Perahu Tradisonal Papua3.jpg
PERAHU TRADISIONAL PAPUA
Sebagian daerah pantai Papua merupakan daerah yang paling cocok untuk pemukiman penduduk. Beberapa masyarakat di pantai utara Papua tinggal dalam kelompok-kelompok masyarakat dengan tempat tinggal di atas air. Mereka tinggal di rumah-rumah dari papan kayu atau perahu. Perjalanan antara rumah linggal satu dan lainnya biasanya dipergunakan jembatan-jembatan papan yang menghubungkan rumah satu dan lainnya. Pada waktu mereka harus keluar atau ke desa lain maka mereka harus mempergunakan perahu.
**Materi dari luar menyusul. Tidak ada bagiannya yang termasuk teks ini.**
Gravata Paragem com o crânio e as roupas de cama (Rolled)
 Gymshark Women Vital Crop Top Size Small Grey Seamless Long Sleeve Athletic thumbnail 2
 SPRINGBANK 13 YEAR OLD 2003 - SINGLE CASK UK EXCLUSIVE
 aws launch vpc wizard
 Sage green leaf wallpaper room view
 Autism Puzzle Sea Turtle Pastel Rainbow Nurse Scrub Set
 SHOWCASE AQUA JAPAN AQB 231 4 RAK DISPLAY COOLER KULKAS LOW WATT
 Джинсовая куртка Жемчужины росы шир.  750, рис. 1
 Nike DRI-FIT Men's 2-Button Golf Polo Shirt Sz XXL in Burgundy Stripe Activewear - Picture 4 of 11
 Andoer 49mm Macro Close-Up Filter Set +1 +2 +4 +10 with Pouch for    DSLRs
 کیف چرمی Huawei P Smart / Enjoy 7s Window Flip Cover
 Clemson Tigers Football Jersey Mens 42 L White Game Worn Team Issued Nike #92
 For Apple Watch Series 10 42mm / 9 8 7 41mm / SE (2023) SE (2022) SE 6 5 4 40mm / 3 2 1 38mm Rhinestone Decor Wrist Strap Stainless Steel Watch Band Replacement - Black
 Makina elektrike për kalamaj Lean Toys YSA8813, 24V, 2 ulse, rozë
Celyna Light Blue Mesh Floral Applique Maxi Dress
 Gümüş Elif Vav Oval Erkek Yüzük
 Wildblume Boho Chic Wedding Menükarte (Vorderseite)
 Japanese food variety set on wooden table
Perahu-perahu yang menghubungkan antara rumah satu dan lainnya dilubangi sehingga terbentuk rongga muatan yang memanjang, Perahu-perahu di daerah Papua dibedakan menjadi perahu-perahu yang tnemiliki cadik pada salah satu sisinya, yang diperuntukkan sebagai penjaga keseimbangan. Perahu semacam ini biasa disebut sebagai perahu laki-laki. Sedangkan yang lain adalah jenis jukung yang tidak bercadik (perahu perempuan). Tetapi di teluk Cendrawasih perahu-perahu dengan cadik tunggal atau cadik ganda (di kedua sisi) dijumpai.
Menurut beberapa ahli yang berbeda-beda ada yang mengatakan bahwa pola-pola hias pada perahu baik dalam bentuk antropomorfik atau binatang mempunyai makna sebagai simbol kematian. Tetapi Annamarie, L Rice mengatakan bahwa perahu-perahu di Papua dilengkapi dengan pahatan burung, ikan dan arca-arca nenek moyang yang kesemuanya itu dipergunakan sebagai sarana untuk menjaga keselamatan (L Rice, 1991: 268P Beyond ihe Java Sea).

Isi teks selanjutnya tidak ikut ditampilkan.